製造時に原料が無駄になり、消費電力も大きい。現在主流の結晶シリコン太陽電池の「弱点」だ。長州産業は米Crystal Solarと共同でこの問題を解き、製品に直結する成果を得た。現在最高水準にある製品と同等の変換効率23%を実現し、コストを半減できるという。シリコンウエハーを「ガス」から直接作り上げることで実現した。
「HIT太陽電池と同程度の23%というセル変換効率を実現し、コストは従来の2分の1という高効率太陽電池を開発した。この太陽電池が普及すれば、多結晶シリコン太陽電池の存在を脅かすことになるだろう」(長州産業)。
多結晶シリコン太陽電池は、HIT太陽電池のように単結晶シリコンを用いる太陽電池と比較して、性能は幾分劣る。しかしながら、製造コストが低いために太陽電池市場の過半数を占めている(図1)。太陽電池産業に与える影響が大きそうだ。
同社は2015年12月4日、太陽電池セルを新手法で製造することで、製造コストを半減できると発表した。同時にセル変換効率は世界最高水準だという。米Crystal Solarが開発したDirect Gas to Wafer技術を適用してウエハーを製造、太陽電池セルにまとめ上げて実現した。用いたシリコンウエハーは、研究段階の数ミリメートル角というものではなく、一般的な太陽電池と同じ寸法156ミリメートル角だ。
製造コスト半減とはどのような意味だろうか。「Crystal Solarから当社へのウエハーの納入価格が、従来技術を用いたウエハーの2分の1という意味だ。技術だけを見ればさらにウエハーの価格が下がる余地があるだろう」(長州産業)。

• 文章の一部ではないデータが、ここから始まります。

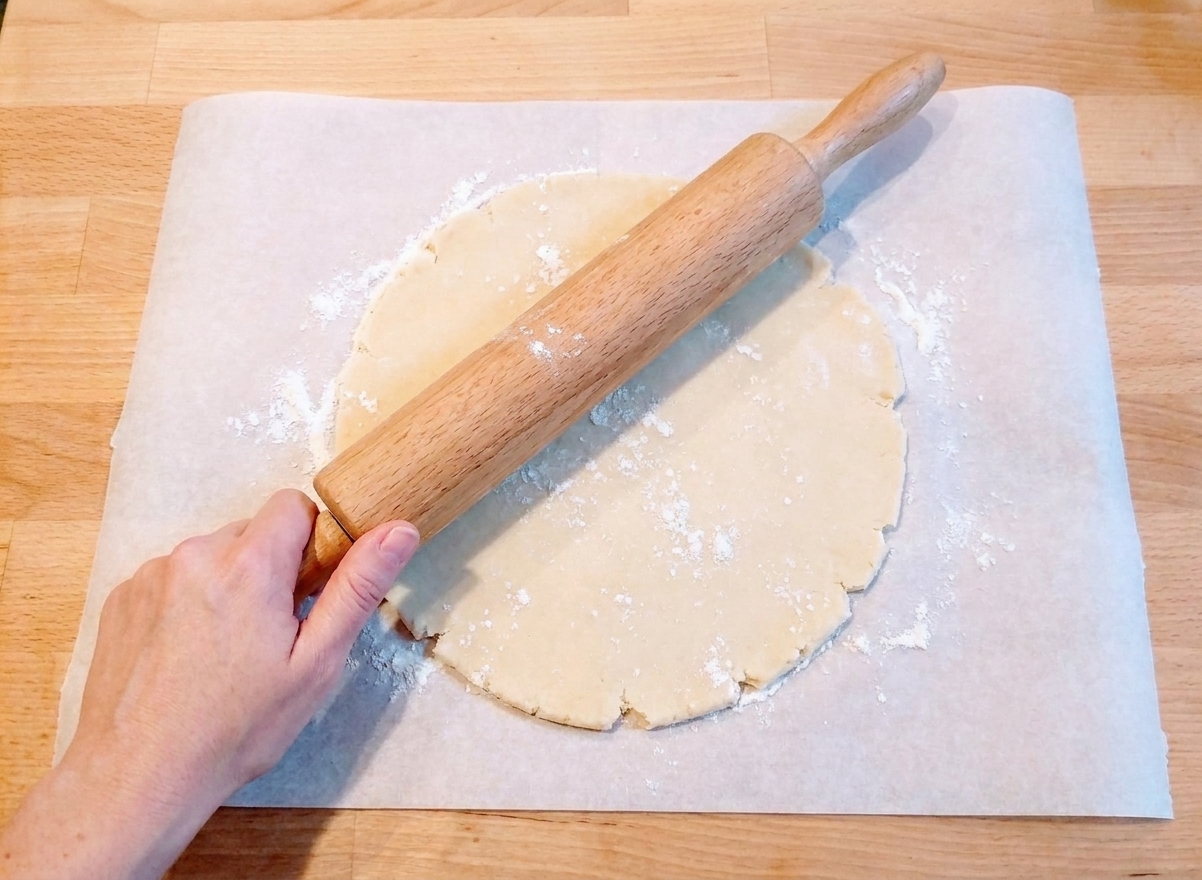 A sheet of parchment paper on a kitchen counter with pie dough being rolled out using a wooden rolling pin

今回のウエハーは量産一歩手前の段階にあるという。「製品化(量産)の条件は23%という変換効率をウエハーごとに安定して出せる状態になることだ。Crystal Solarが導入中の量産設備が稼働すれば、安定した発電性能を実現できると考えている*1)。ウエハーの成長速度は安定しており、同社の生産規模は年間100メガワット相当に達する予定だ。当社が販売する太陽電池をまかなうことができる規模だ」(長州産業)。
このウエハーを利用して、高い発電性能を持つ太陽電池セルを製造、太陽電池モジュールとして広く販売したいという。「Crystal Solarが製造したウエハーは、当社以外も購入できる。ウエハーと(後ほど紹介する)ヘテロ接合構造の組み合わせを利用して、高い効率と低コストを兼ね備えた成果を業界全体でシェアしたい」(同社)。
*1) 「現在は製造したウエハーを技術者がつまみ上げる動作などによって、パーティクル(不純物粒子)が混入し、欠陥密度が変わる。これが変換効率に影響を与える。量産ラインでは自動ハンドリング装置を導入して変換効率を確保する計画だ」(同社)。